## Data for this task
=== Begin Enclosure ===

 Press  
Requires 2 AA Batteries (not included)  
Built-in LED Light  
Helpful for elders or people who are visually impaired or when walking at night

=== End Enclosure ===
=== Begin Enclosure ===

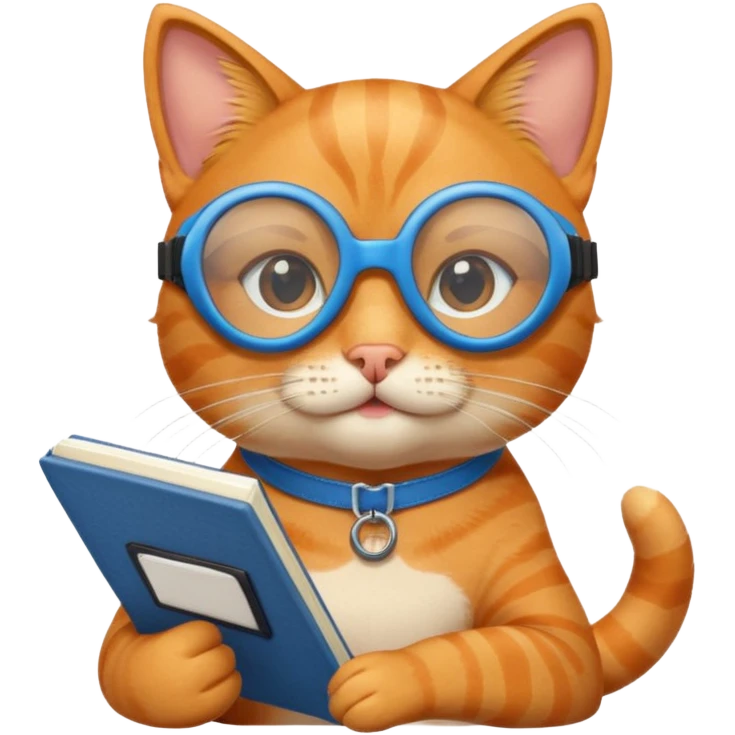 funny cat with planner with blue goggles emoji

=== End Enclosure ===
=== Begin Enclosure ===

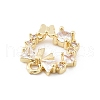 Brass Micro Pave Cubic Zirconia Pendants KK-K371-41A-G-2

=== End Enclosure ===

## Aim of the task
Which lines above run from the one containing "Built-in LED Light" to the one containing "Helpful for elders"? Give them again exactly, both ends included.

## Output for this exercise
Built-in LED Light  
Helpful for elders or people who are visually impaired or when walking at night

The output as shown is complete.